By Shakeh Avoyan
Armenia’s tax inspectorate claimed on Friday to have significantly improved the collection of workers’ mandatory social security contributions that are used for paying pensions and were enforced by another government agency until this year.
“We have worked for only seven days this year but have already made the difference,” Artashes Baybutian, a senior official from the State Taxation Service, told RFE/RL. “We have already collected almost half of what was collected in January 2004.”
“The process is improving day by day,” he said.
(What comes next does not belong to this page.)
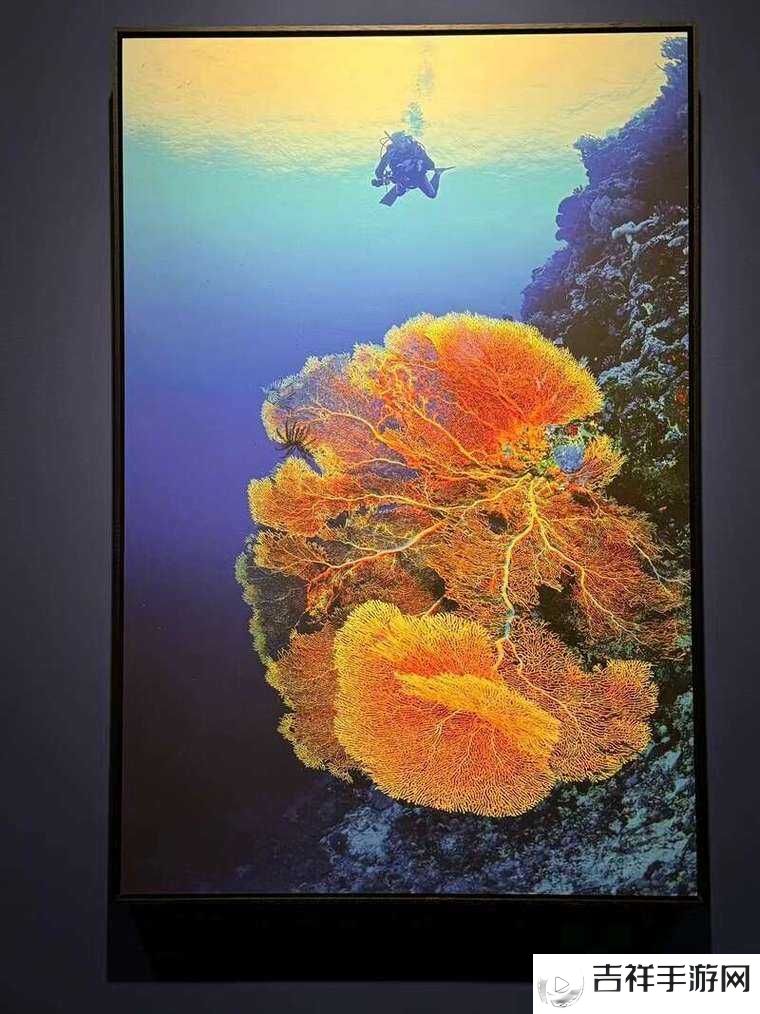 在线**资源的丰富探索与发现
The exclusive authority to enforce the social tax was transferred late last year to the Taxation Service from the State Social Insurance Fund which was increasingly struggling to pay the growing but still modest retirement benefits on time. Government officials said the tax authorities are better equipped to ensure further pension increases expected in 2005.
The Pension Fund, which is now responsible only for pension distribution, was criticized by President Robert Kocharian late last month for failing to tackle widespread hidden employment and the underreporting of workers’ wages. The longtime head of the fund, Frunze Musheghian, tendered his resignation on Thursday. A senior member of Prime Minister Andranik Markarian’s Republican Party was promptly appointed in his place.
The average pension in Armenia has grown by nearly 40 percent to 8,800 drams ($17.5) over the last two years. The Pension Fund was finding it increasingly hard to ensure corresponding increases in social taxes, running up pension arrears in the course of 2004. The pensioners have still not been paid for December.
Speaking to RFE/RL earlier on Friday, Labor and Social Affairs Minister Aghvan Vartanian said that they will receive the money by the end of this month. “The current delays do not violate the law,” he said.
Baybutian was also confident that there will be no arrears this year. He admitted that scaling back tax evasion will be key to financing the planned pension increases.
Vartanian had earlier estimated that as many as 300,000 workers in the Armenian private sector are falsely shown earning up to 20,000 drams ($40) a month, the legal threshold for taxable incomes, in financial reports filed by their employers. He said least 130,000 other people have jobs that are not registered with the tax authorities.